政治とは、何かの手段の為に仕方なくすることではなく、義務でもなく、やらなきゃ損なことです。それを本当の意味で奪うことは誰にもできないし、それを強制することもできません。人間としての究極の既得権だと思います。

人間は、物質としての体に縛られた存在であり、いろいろな限界を持っています。特に、有限の時間しか与えられていない、自分の体はいつか無くなっていまうというのが、絶対に変えることができない一番大きな限界です。

これに逆らう為に、人間に与えられた手段の一つがモノを作ることです。モノを作ることによって、人間は、自分の頭の中にあることを、世界に残すことができます。

そして、もうひとつが、政治をすることです。人々の中で、自分の意見を言うことで、明らかになった WHO 、すなわち「自分の正体」は、自分と人々の中で生き続けます。政治では、モノ作りと違って、相手が人間ですから、常にそこにはサプライズがあります。相手に自分がどのように映るのか、それは実際に人々の間に立つまでは知り得ないことです。

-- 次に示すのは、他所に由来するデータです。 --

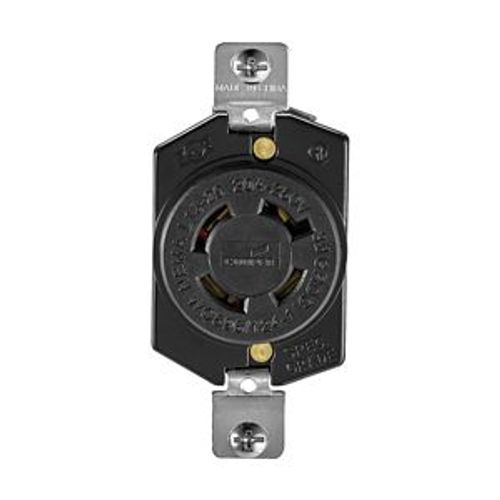 Main product image of Locking Receptacle, #18-10 Awg, 20A, 250V, Back Wiring, Black, Single, L15-20, 3-Pole, 4-Wire, L1520R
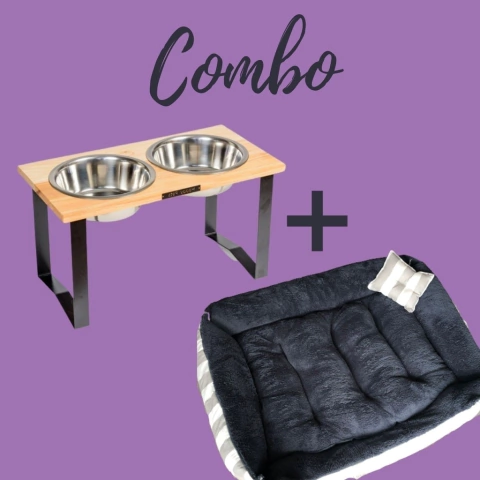 Combo Cama Moisés & Comedero en altura Paraíso doble - perros grandes - comprar online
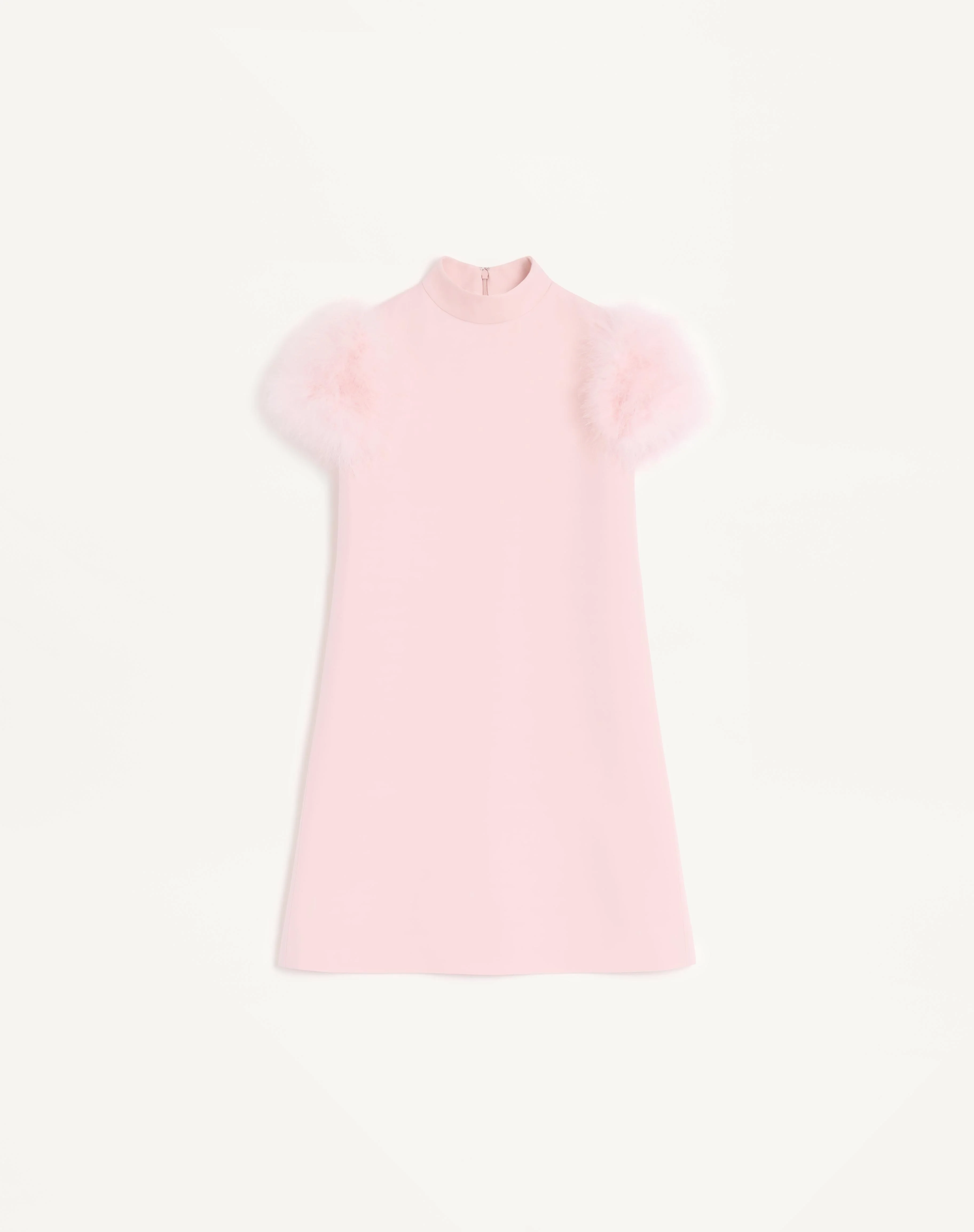 SHORT CREPE COUTURE DRESS WITH FEATHERS - 1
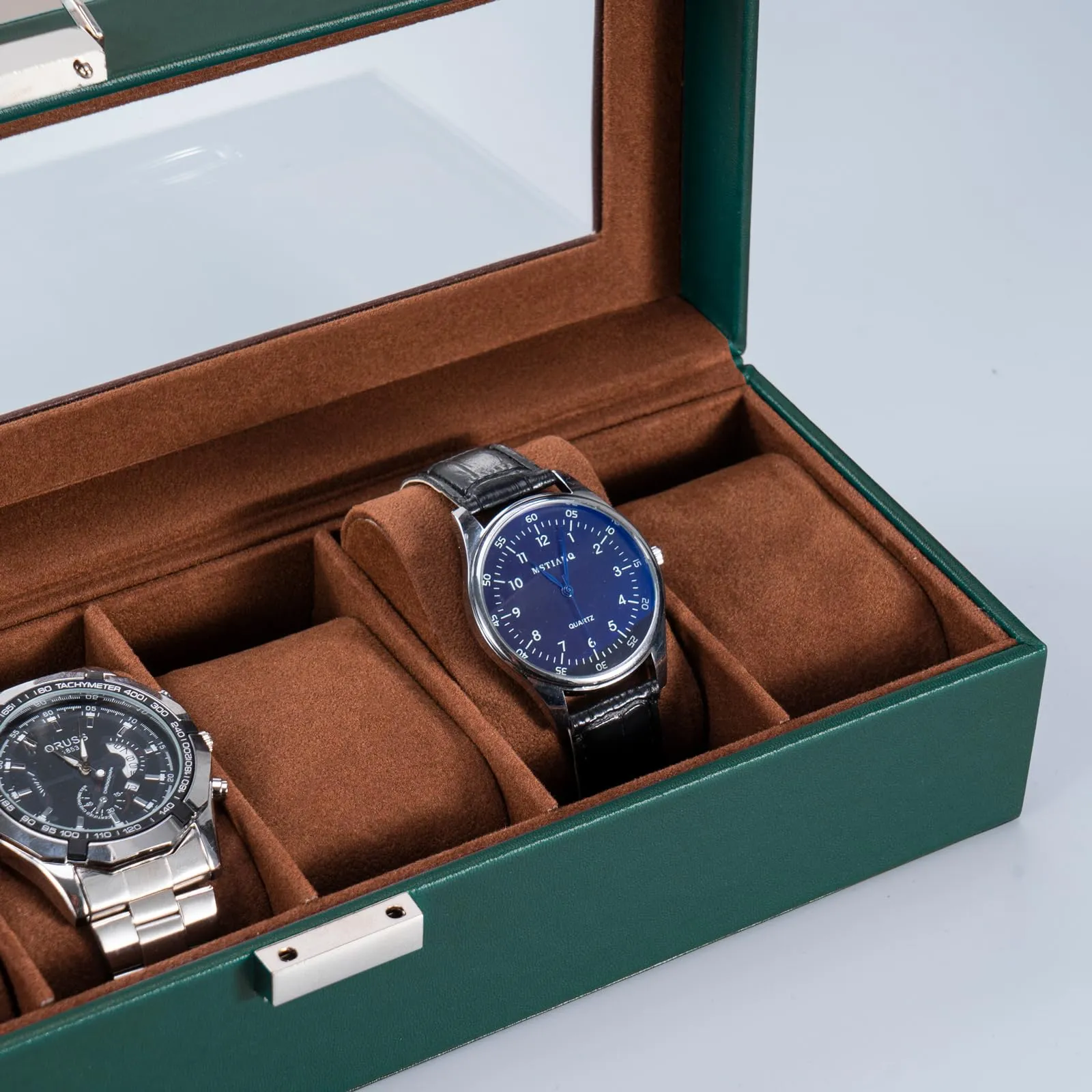 Watch box with 6 compartments, watch box with glass lid, watch case with watch cushion, watch storage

それを知るということは、人間に与えられた最も大きな権利なのです。

それ以外のことは全部副作用です。おまけみたいなものです。政治をして世の中を変えられるかもしれないし、変えられないかもしれない。変えられても変えられなくてもどっちでもいいんです。自分の何かが明らかになることは確実であって、それが一番重要なことです。

ただ、その為には、自分が納得できることを言わなくてはいけない。納得できないことを言っていたら、それは政治ではなく人々の目から隠れることです。本当に納得できること言わないと、自分の正体は明かになりません。

「自分だけが幸せになるなら他人はどうでもいい」そう本気で思えるならば、それを言えばいいと思います。あるいは、その本音を隠して、その考えの自分が一番納得できるスマートなふるまいをして、世の中に立てばいい。それによって明らかになる自分がいます。

「自分を犠牲にしても限界まで世の中に尽くすべきだ」そう本気で思うならば、そのように行動すればいいと思います。そうしないと納得できない自分がいて、それによって明らかになる自分がいます。

どういう考えを持っていてどういう行動をしようが、自分が人々に見える位置に立つならば、常にそこには予想外のことがあって、以前は知らなかった自分が見えてきます。それが政治をすることの目的だと思います。

「自分の知らない自分を知る」ということは、恐いことでもあるし痛いことでもあります。しかし、人々は時に苦痛や恐怖を求めて、オバケ屋敷やジェットコースターのためのチケットを買ったり長い行列に並んだりするわけです。自分の知らない自分を知りたがるのは、人間の本能だと思います。

おかしいと思うことを目の前にして、「それはおかしい」と言うか言わないか。それは誰にも強制されることではありません。完全に選択権は自分の中にあります。「それはおかしい」と言うと、自分の中の魑魅魍魎が現れてきて自分の回りを飛び回ります。自分が馬鹿だったり傲慢だったり優しくなかったり視野が狭かったり矛盾してたりいろいろなことに気づかされてしまいます。わかっていれば正体を出さないのですが、わかってないから正体を出すし、出してしまったその正体は、自分が本気な分だけどう見ても自分以外の何者でもなく、それを手練手管でごまかすことはできても自分だけはごまかせません。自分の底が抜けて、どこまでも落ちていくかと思えば、突然浮上して360度のループやきりもみに翻弄されます。それは常に予測不可能で「痛ギモ」な世界です。そのチケットは誰もが持っていて、使いたいと思えば使えばいつでも使えるんです。

私は、政治というものをそのようにとらえていて、そういう意味の政治の為の手段としてブログを書いています。そして、自分がそういう場を持てることを幸運だと思っています。